A potential European Commission (EC) act to classify lithium as a Category 1A reproductive toxin in the fourth quarter of 2022 could undermine the European Union (EU)’s attempt to create and support a domestic battery materials supply chain. The EU currently relies heavily on imports of lithium to supply its nascent electric vehicle (EV) production sector and the classification may increase its reliance on other regions, at a time when the union is focused on energy security and reducing emissions. Europe has announced plans to expand lithium battery-grade Li Carbonate production from nothing today to 8.3% of global production by 2025, according to Rystad Energy research. Europe has similar ambitions for lithium hydroxide, which is crucial for long-range EV batteries. Even without the potential decision by the EC, it will still fall well short of closing the estimated 218% deficit gap in lithium hydroxide processing that Europe is facing by the end of 2030, according to Rystad Energy research.

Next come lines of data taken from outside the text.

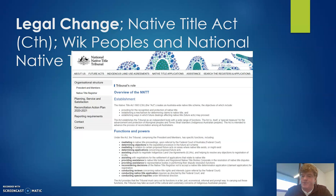The third change is the Native Title Tribunal — an ongoing established tribunal that came out of the Native Title Act. It is based around providing processes and mechanisms where Indigenous Australians could look to access native title.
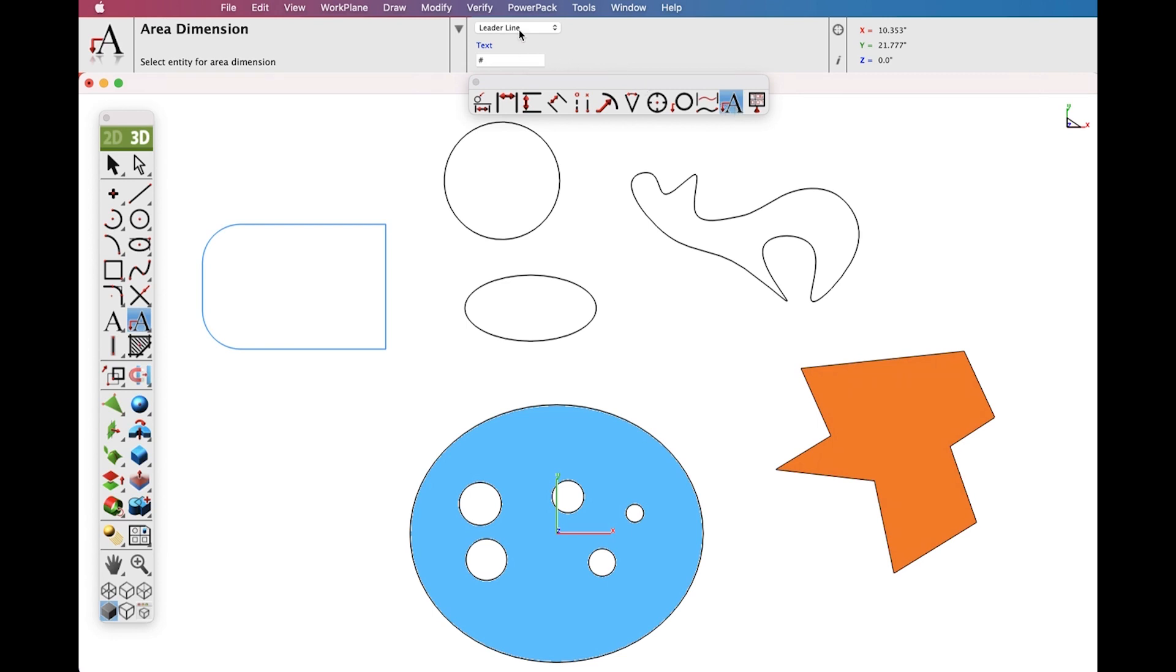The Area Dimension works with collections of closed curves or polygons. There are two options accessed through the Data Entry window: Leader Line Dimensions and Text at Centroid.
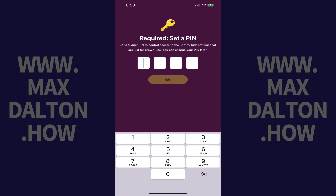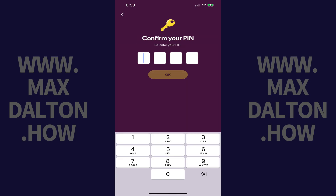Step 6. Enter the four-digit PIN you want to use, and then tap OK. The next screen prompts you to re-enter and validate this PIN. Step 7. Re-enter the PIN and tap OK again.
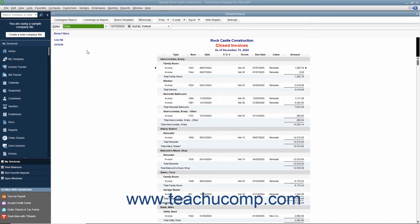changes you make to it in Excel will not impact the data in QuickBooks, so feel free to change it as needed in Excel. To do this, open the report you want to export.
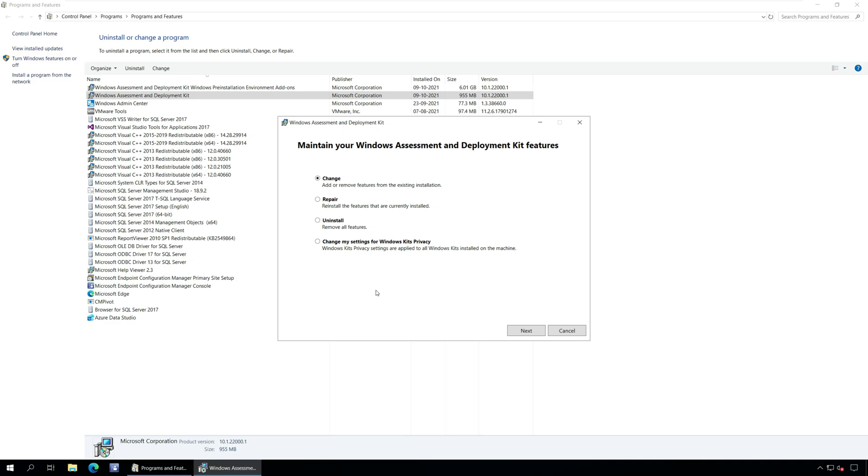Change: Select this option to add or remove programs from the existing ADK installation. Repair: Select this option to reinstall or repair the ADK features that are currently installed.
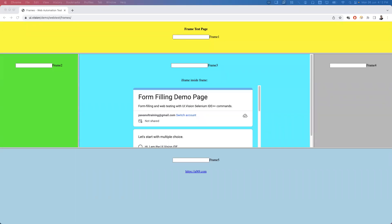Hi everyone, welcome. In our previous video we have seen how to handle iframes in Playwright — we saw normal iframes which contain elements and how we can interact with elements inside the iframe. But sometimes we can also see nested iframes or inner iframes.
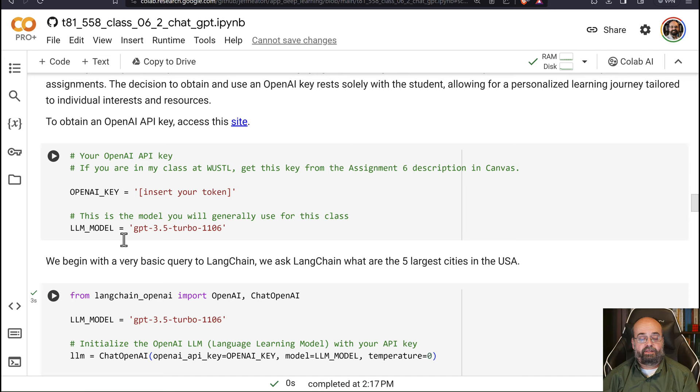This is a model. This is not the state-of-the-art one. The 4 series would be more state-of-the-art, but 3.5 is really pretty good, and it won't chew through your token limits quite as fast.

The European Chemicals Agency (ECHA)’s Risk Assessment Committee (RAC) at the end of 2021 published its opinion that it agreed with French proposals to classify three lithium salts as Category 1A reproductive toxicants. It determined that lithium carbonate, lithium hydroxide and lithium chloride should be classified under the Classification, Labelling & Packaging (CLP) Regulation as substances that may damage fertility and unborn children. It also agreed that the substances may harm breastfed children.
Initial proposals were presented to the EC on March 23 and 24, 2022 and are now under review and consultation, with the EC set to publish its first draft of the act between October and December. EU member states can still object to these proposals through the summer.

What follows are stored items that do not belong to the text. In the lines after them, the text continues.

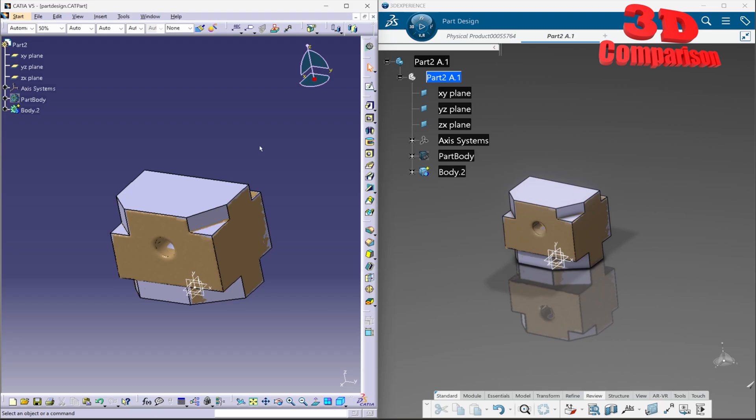Welcome back to another video. CATIA V5 or 3DEXPERIENCE CATIA?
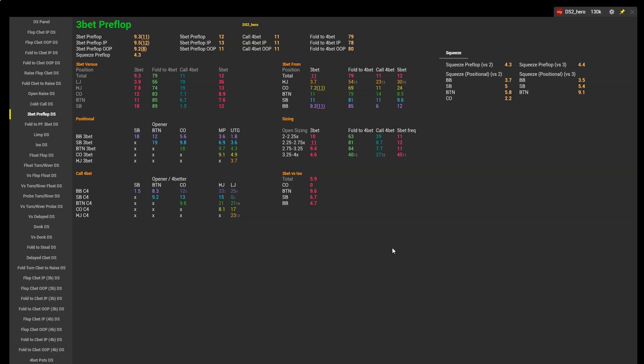Okay, hopefully this has given you some ideas on how to troubleshoot preflop play using the Death Star HUD. Thanks for watching guys, good luck at the tables.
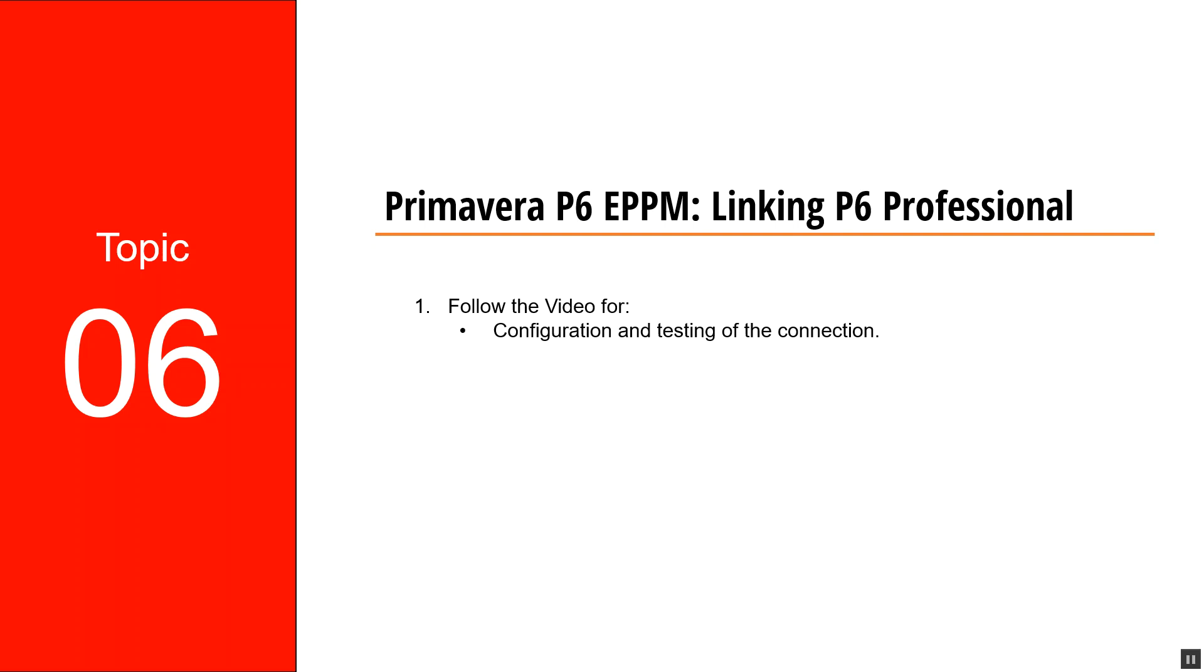Hello and welcome back to EagleHive. In this video, we'll be focusing on how to link the Primavera P6 ePPM to the Primavera Professional.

While the classification would not stop lithium usage, it is highly likely that it would have an impact on at least four stages in the EU lithium battery supply chain: lithium mining; processing; cathode production; and recycling. Several administrative issues, risk management and restrictions could hit each of these fledgling industries in Europe, which would drive up costs.

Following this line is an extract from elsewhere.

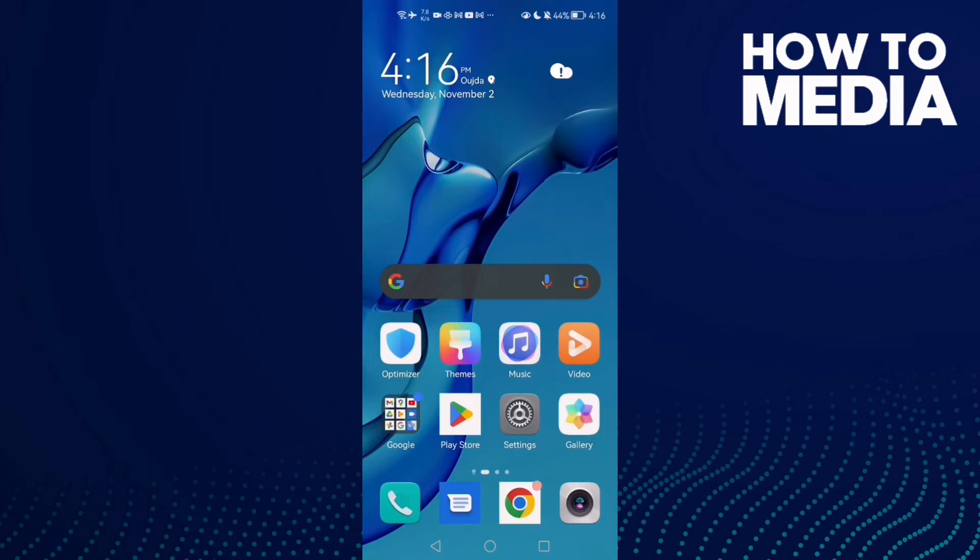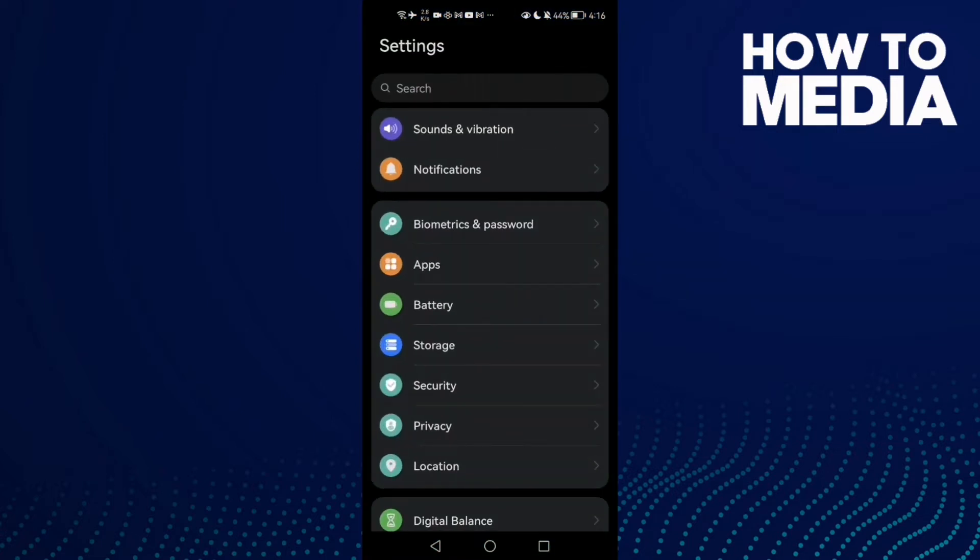How to fix Spotify friend activity not updating on Android phone. Hello guys, in today's video I'm going to show you how to fix Spotify friend activity not updating on Android phone. First, open Settings and then find Apps.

“Should the European Commission take this decision, it may undermine the EU’s energy security and net zero goals, in addition to increasing costs for the domestic EV market. The EU is a global regulatory powerhouse, so any decision to classify lithium as Category 1A toxicant in the world’s largest single market will be keenly studied by regulators elsewhere. Industry hates regulatory uncertainty, so the longer it takes for a ruling, the more it will delay existing and significant investment decisions. This is more than a technicality; the impact could be far-ranging and wide,” says James Ley, Senior Vice President, Analysis.
Implications for EV production
A drawn-out permitting process for new mining operations in Europe has already been highlighted at recent industry events as one of the main barriers to new mining projects ramping up quickly. Both lithium carbonate and hydroxide are critical to the battery raw material supply chain, with the bulk of new EV battery chemistries containing lithium. This potential ruling comes at a time when the EU is itself scrambling to build and establish local lithium supply chains. The permitting issue has repeatedly been highlighted at recent industry events as one of the main barriers to new mining projects ramping up quickly in the EU.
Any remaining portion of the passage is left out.